Record extracts:

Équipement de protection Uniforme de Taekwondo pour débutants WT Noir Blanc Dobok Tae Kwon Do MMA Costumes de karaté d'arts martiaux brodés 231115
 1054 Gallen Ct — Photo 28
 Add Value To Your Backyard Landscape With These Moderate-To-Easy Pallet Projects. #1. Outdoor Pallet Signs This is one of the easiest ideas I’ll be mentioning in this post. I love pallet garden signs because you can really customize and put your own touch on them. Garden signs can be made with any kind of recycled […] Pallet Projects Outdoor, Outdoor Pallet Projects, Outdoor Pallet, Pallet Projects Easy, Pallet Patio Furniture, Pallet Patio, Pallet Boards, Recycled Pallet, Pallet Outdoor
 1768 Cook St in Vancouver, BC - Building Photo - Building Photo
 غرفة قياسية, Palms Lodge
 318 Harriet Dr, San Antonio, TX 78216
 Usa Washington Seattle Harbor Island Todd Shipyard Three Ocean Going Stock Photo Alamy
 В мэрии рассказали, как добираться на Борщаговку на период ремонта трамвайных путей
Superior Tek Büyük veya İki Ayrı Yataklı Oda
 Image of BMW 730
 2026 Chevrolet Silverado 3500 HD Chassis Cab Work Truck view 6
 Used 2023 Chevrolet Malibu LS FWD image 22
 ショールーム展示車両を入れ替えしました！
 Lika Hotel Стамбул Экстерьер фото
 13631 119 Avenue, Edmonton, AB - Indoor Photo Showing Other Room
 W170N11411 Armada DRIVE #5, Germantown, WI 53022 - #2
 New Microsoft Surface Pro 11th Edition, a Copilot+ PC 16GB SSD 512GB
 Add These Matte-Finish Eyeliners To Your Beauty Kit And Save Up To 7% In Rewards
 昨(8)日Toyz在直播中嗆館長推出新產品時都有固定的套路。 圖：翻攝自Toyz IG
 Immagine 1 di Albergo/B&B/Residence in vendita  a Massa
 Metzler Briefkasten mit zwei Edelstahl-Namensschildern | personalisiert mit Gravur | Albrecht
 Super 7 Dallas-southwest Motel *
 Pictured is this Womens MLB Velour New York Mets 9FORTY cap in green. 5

About this task: All lines in the listing above from the line containing "Add Value To" to the line containing "New Microsoft Surface", inclusive, should be retyped exactly; no other lines should appear.

Answer area:
 Add Value To Your Backyard Landscape With These Moderate-To-Easy Pallet Projects. #1. Outdoor Pallet Signs This is one of the easiest ideas I’ll be mentioning in this post. I love pallet garden signs because you can really customize and put your own touch on them. Garden signs can be made with any kind of recycled […] Pallet Projects Outdoor, Outdoor Pallet Projects, Outdoor Pallet, Pallet Projects Easy, Pallet Patio Furniture, Pallet Patio, Pallet Boards, Recycled Pallet, Pallet Outdoor
 1768 Cook St in Vancouver, BC - Building Photo - Building Photo
 غرفة قياسية, Palms Lodge
 318 Harriet Dr, San Antonio, TX 78216
 Usa Washington Seattle Harbor Island Todd Shipyard Three Ocean Going Stock Photo Alamy
 В мэрии рассказали, как добираться на Борщаговку на период ремонта трамвайных путей
Superior Tek Büyük veya İki Ayrı Yataklı Oda
 Image of BMW 730
 2026 Chevrolet Silverado 3500 HD Chassis Cab Work Truck view 6
 Used 2023 Chevrolet Malibu LS FWD image 22
 ショールーム展示車両を入れ替えしました！
 Lika Hotel Стамбул Экстерьер фото
 13631 119 Avenue, Edmonton, AB - Indoor Photo Showing Other Room
 W170N11411 Armada DRIVE #5, Germantown, WI 53022 - #2
 New Microsoft Surface Pro 11th Edition, a Copilot+ PC 16GB SSD 512GB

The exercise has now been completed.